Thursday, August 18, 2005


My housekeeper/babysitter spent a night at the farm with me. She's an angel, I know it. She showed up with a basket brimming with food and alcohol that included a pot of some amazing Polish dish, French bread, and a bottle of Malibu with pineapple juice. After sunning on the beach all day and her totally entertaining my daughter without being paid, we put the kid to bed and stayed up telling on our husbands while getting very drunk and eating cookies (so much for my diet blog). As she told her story of growing up in Poland, getting her education, then immigrating to the US where now she's back to square one again, she said, "now look at how unlikely this is, one of my best friends is 15 years older than me and I work for her." In my drunken haze, this took a minute to sink in. She was talking about me. I felt so grateful I almost cried.

About two years ago I had a very bad miscarriage that brought me to the brink of my life and left me in the hospital for a week. Following this I sunk into a dull depression and the highlight of my weeks was when Ewelina came to clean. She cried with me, hugged me a lot, and gave me many words of encouragement.

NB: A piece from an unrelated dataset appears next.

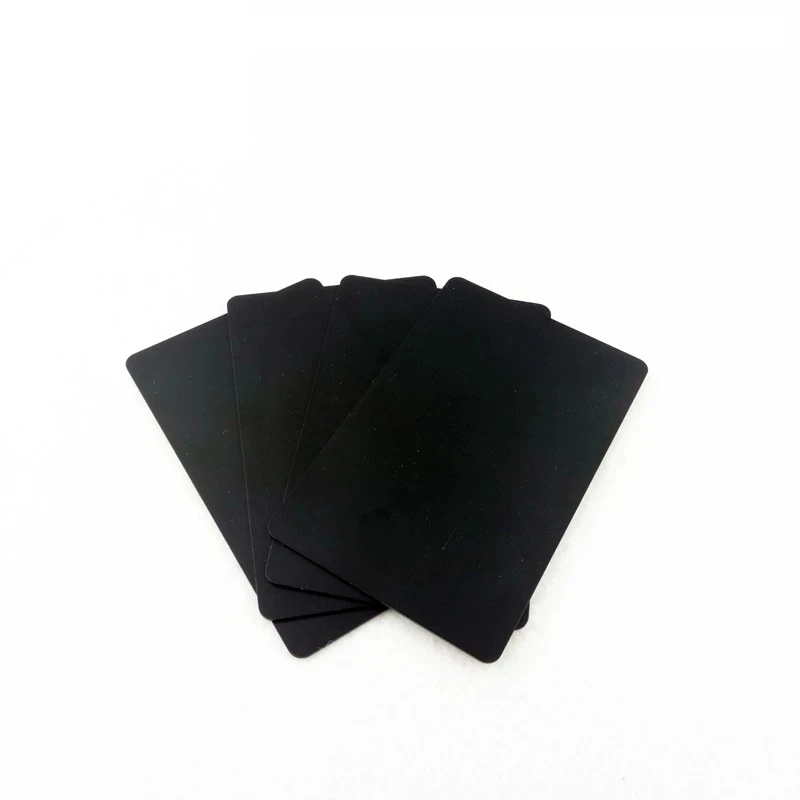 Access-Control-Key-Cards-10PCS-RFID-Tag-13-56MHZ-Contactless-High-Frequenc-IC-Cards-Black-PVC.jpg_Q90.jpg_.webp (1)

A few months later, the women that were more formally my friends gradually disappeared. I'd overhear playdate arrangements that were never extended to me and Chloe. I'd stopped getting phone calls, and suddenly the loft that at one time the neighborhood kids would so gleefully trash, became an empty and lonely place.

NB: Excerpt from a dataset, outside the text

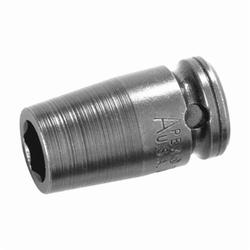15MM03-D SOCKET 3/8 FMALE SQ DR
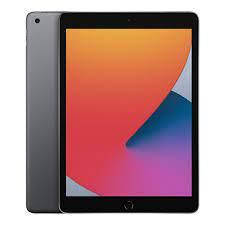 для iPad 9 | 8 | 7 10.2" (2021 | 2020 | 2019)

There was one other person who was a light to me, my guitar instructor, Alejandro. He was just a sweet guy from Columbia that played really good classical guitar and was a great listener. He didn't know my tragedy, but he knew something had suddenly made me sad, all the time.

In my isolation from "the group" and my despair, I remember thinking - how is it that the people (besides my family) with whom I have the most meaningful friendships with, I have to pay for the services they provide? I thought that was a cursed position to be in. Today, I realize what a privilege it has been for me to have made these friendships.

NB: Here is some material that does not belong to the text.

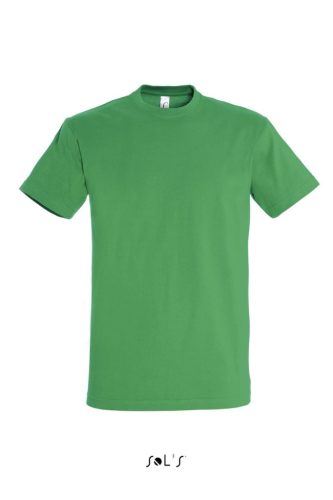 SOLS SO11500 Sols Imperial- férfi környakú póló 5XL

Ewa's still with me. We attended her wedding this year as a family - as part of her family. Alejandro - well, I quit the lessons for awhile. It's always been hard for me to have friendships with men. We see each other occasionally at jazz clubs, have a drink, and enjoy catching up. And the mother's group - some have scattered. We still keep up and get the kiddies together occasionally. They're good women, and I'm glad to know them. Nothing seems right for a long time when your uterus has been torn asunder. It's all all right, now.